> _ACTIVITY_:
Could you repeat the records below exactly, leaving out any pictures?

DATA FOR THIS EXERCISE below:

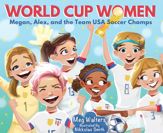 World Cup Women - 19 Nov 2019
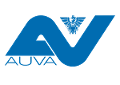Logo AUVA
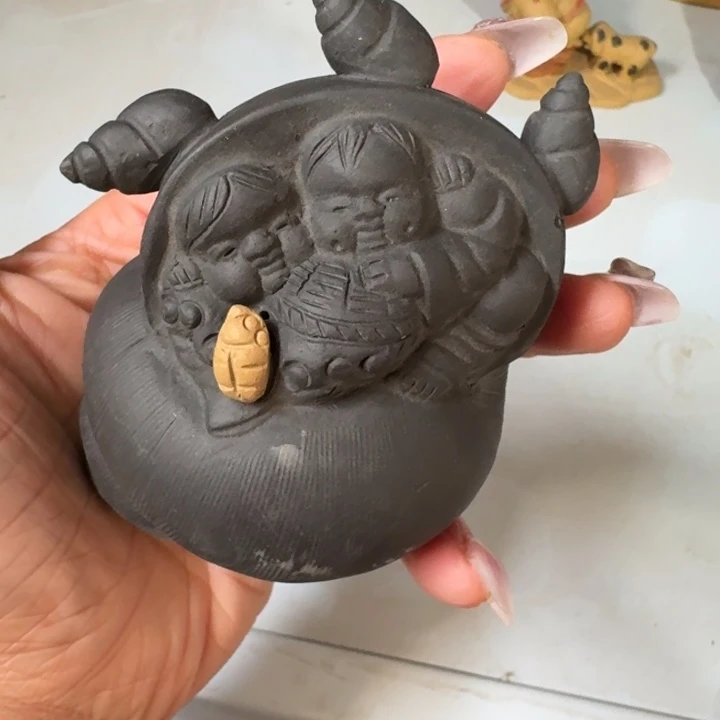 紫砂茶壶pppppppplllllllllll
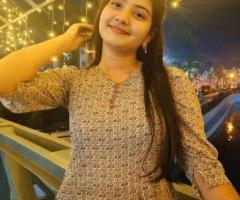 /1hrs 1000 🌹/ 2hrs 1500 🌹 /3hrs 2000 🌹 / full night 4000 hot🌹 call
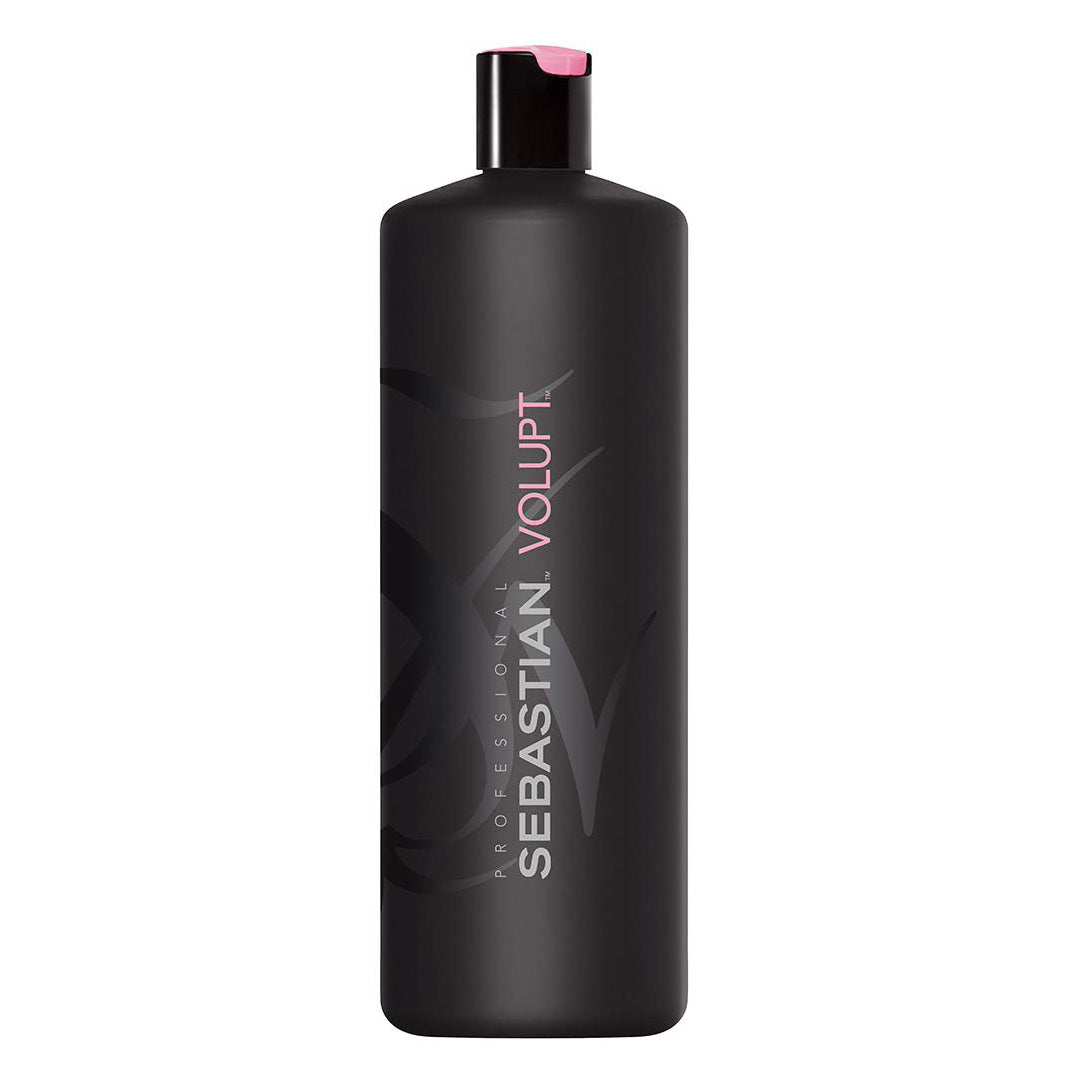 Sebastian Volupt Shampoo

End of DATA FOR THIS EXERCISE.

> _WRITTEN ANSWER_:
 World Cup Women - 19 Nov 2019
Logo AUVA
 紫砂茶壶pppppppplllllllllll
 /1hrs 1000 🌹/ 2hrs 1500 🌹 /3hrs 2000 🌹 / full night 4000 hot🌹 call
 Sebastian Volupt Shampoo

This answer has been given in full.